CDK Entest

Introduction#

GitHub this notes show how IAM and LakeFormation togeter control access to data lake.

Register an admin to LakeFormation
Register S3 buckets to LakeFormation
Grant (fine-grained) permissions to a Data Scientist
Grant (fine and coarse grained) permissions to a Glue Role
Revoke IAMAllowedPrincipals
Use correct method write_dynamic_frame.from_catalog

LakeFormation#

this.lakeCdkAmin = new aws_lakeformation.CfnDataLakeSettings(
  this,
  'LakeFormationAdminSetting',
  {
    admins: [
      {
        dataLakePrincipalIdentifier: Fn.sub(
          (this.synthesizer as DefaultStackSynthesizer)
            .cloudFormationExecutionRoleArn
        )
      }
    ]
  }
)

Create a S3 bucket for lake

const bucket = new aws_s3.Bucket(this, 'S3LakeBucketDemo', {
  bucketName: props.s3LakeName,
  removalPolicy: RemovalPolicy.DESTROY,
  autoDeleteObjects: true
})

var registers: aws_lakeformation.CfnResource[] = []
props.registerBuckets.map(bucket => {
  registers.push(
    new aws_lakeformation.CfnResource(this, `RegsiterBucketToLake-${bucket}`, {
      resourceArn: `arn:aws:s3:::${bucket}`,
      useServiceLinkedRole: true
    })
  )
})

Grant Permissions#

Create an IAM user with password stored in Secret
Coarse permissions by IAM
Fine permissions by LakeFormation

Create an IAM user with passwrod stored in secret values

const secret = new aws_secretsmanager.Secret(this, `${props.userName}Secret`, {
  secretName: `${props.userName}Secret`,
  generateSecretString: {
    secretStringTemplate: JSON.stringify({ username: props.userName }),
    generateStringKey: 'password'
  }
})

// create an iam user for data analyst (da)
const daUser = new aws_iam.User(this, `${props.userName}IAMUser`, {
  userName: props.userName,
  password: secret.secretValueFromJson('password'),
  passwordResetRequired: false
})

DS need to save query result to Athena query result location

daUser.addToPolicy(
  new aws_iam.PolicyStatement({
    effect: Effect.ALLOW,
    actions: ['s3:*'],
    resources: [
      `arn:aws:s3:::${props.athenaResultBucket}/*`,
      `arn:aws:s3:::${props.athenaResultBucket}`
    ]
  })
)

Coarse grained permission by IAM

daUser.addManagedPolicy(
  aws_iam.ManagedPolicy.fromAwsManagedPolicyName('AmazonAthenaFullAccess')
)

For DS to see Glue catalog databases, and table we need below permissions. In addition, DS need to get some permissions from LakeFormation

daUser.addToPolicy(
  new aws_iam.PolicyStatement({
    effect: Effect.ALLOW,
    actions: [
      'lakeformation:GetDataAccess',
      'glue:GetTable',
      'glue:GetTables',
      'glue:SearchTables',
      'glue:GetDatabase',
      'glue:GetDatabases',
      'glue:GetPartitions',
      'lakeformation:GetResourceLFTags',
      'lakeformation:ListLFTags',
      'lakeformation:GetLFTag',
      'lakeformation:SearchTablesByLFTags',
      'lakeformation:SearchDatabasesByLFTags'
    ],
    resources: ['*']
  })
)

Fine-grained permissions by LakeFormation, control access to tables, and database in Glue catalog. It is possible to control to column level and use Tag for scale.
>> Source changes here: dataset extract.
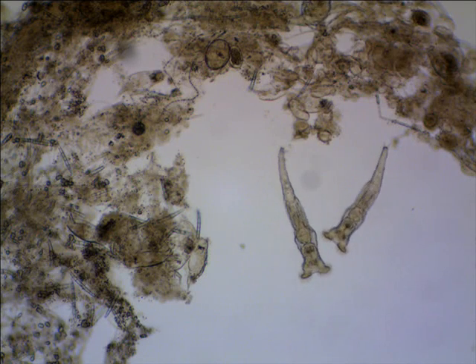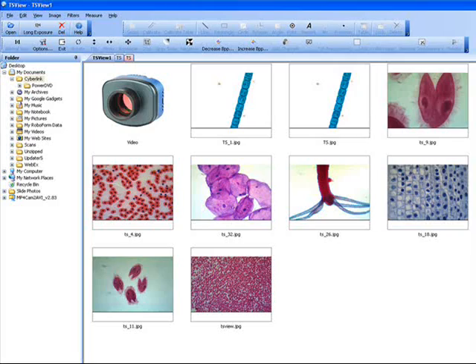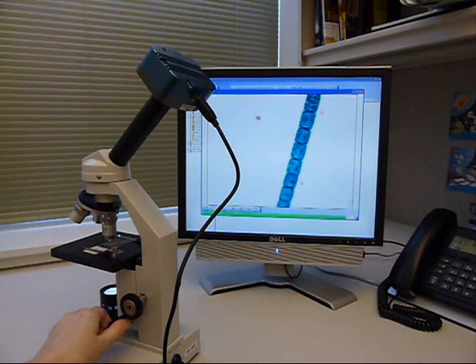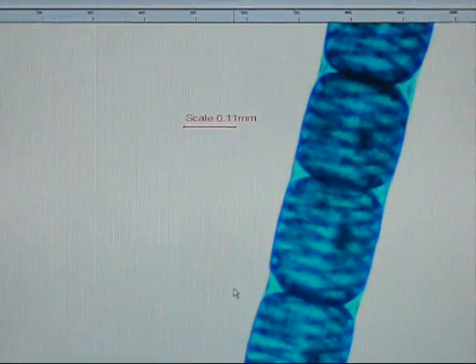These cameras allow you to capture and edit both still and video images of microscopic specimens. Each comes with special software, which includes features for capturing, editing, and annotating the images. The included calibration slide allows you to use the software to accurately measure your specimens.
const tablePermission = new aws_lakeformation.CfnPrincipalPermissions(
  this,
  `${props.userName}-ReadTableLake-2`,
  {
    permissions: props.databasePermissions,
    permissionsWithGrantOption: props.databasePermissions,
    principal: {
      dataLakePrincipalIdentifier: daUser.userArn
    },
    resource: {
      table: {
        catalogId: this.account,
        databaseName: props.databaseName,
        tableWildcard: {}
      }
    }
  }
)

new aws_lakeformation.CfnPrincipalPermissions(
  this,
  `${props.userName}-ReadTableLake-4`,
  {
    permissions: props.databasePermissions,
    permissionsWithGrantOption: props.databasePermissions,
    principal: {
      dataLakePrincipalIdentifier: daUser.userArn
    },
    resource: {
      database: {
        catalogId: this.account,
        name: props.databaseName
      }
    }
  }
)

ETL WorkFlow Role#

Coarse permissions with IAM
Fine permissions with LakeFormation
Permissions: read S3, write S3, create catalog tables

First, coarse permissions with IAM, need to attach AWSGlueServiceRole policy

const role = new aws_iam.Role(this, 'LakeFormationWorkFlowRole', {
  roleName: 'LakeFormationWorkFlowRole',
  assumedBy: new aws_iam.ServicePrincipal('glue.amazonaws.com')
})

// remove this and check
role.addManagedPolicy(
  aws_iam.ManagedPolicy.fromAwsManagedPolicyName(
    'service-role/AWSGlueServiceRole'
  )
)

role.addManagedPolicy(
  aws_iam.ManagedPolicy.fromAwsManagedPolicyName('CloudWatchAgentServerPolicy')
)

Second, Glue role need permissions to read data from source and write to a S3 lake bucket. It also need iam:PassRole and lakeformation:GetDataAccess

const policy = new aws_iam.Policy(this, 'PolicyForLakeFormationWorkFlow', {
  policyName: 'PolicyForLakeFormationWorkFlow',
  statements: [
    // pass iam role or follow name convention
    // AWSGlueServiceRoleDefault
    new aws_iam.PolicyStatement({
      actions: ['iam:PassRole', 'iam:GetRole'],
      effect: Effect.ALLOW,
      resources: ['*']
    }),
    // read data from s3 source
    new aws_iam.PolicyStatement({
      actions: ['s3:GetObject'],
      effect: Effect.ALLOW,
      resources: [`${props.sourceBucketArn}/*`]
    }),
    new aws_iam.PolicyStatement({
      actions: [
        'lakeformation:GetDataAccess',
        'lakeformation:GrantPermissions'
      ],
      effect: Effect.ALLOW,
      resources: ['*']
    })
  ]
})
policy.attachToRole(role)

Fine permission with LakeFormation so that the Glue role can:

Create catalog tables in a database
Write data to the table's underlying data location in S3

const grant = new aws_lakeformation.CfnPrincipalPermissions(
  this,
  'GrantLocationPermissionGlueRole-1',
  {
    permissions: ['DATA_LOCATION_ACCESS'],
    permissionsWithGrantOption: ['DATA_LOCATION_ACCESS'],
    principal: {
      dataLakePrincipalIdentifier: role.roleArn
    },
    resource: {
      dataLocation: {
        catalogId: this.account,
        resourceArn: `${props.destBucketArn}`
      }
    }
  }
)

Glue Job Script#

Please use correct method to write dataframe to the table's udnerlying data location in S3.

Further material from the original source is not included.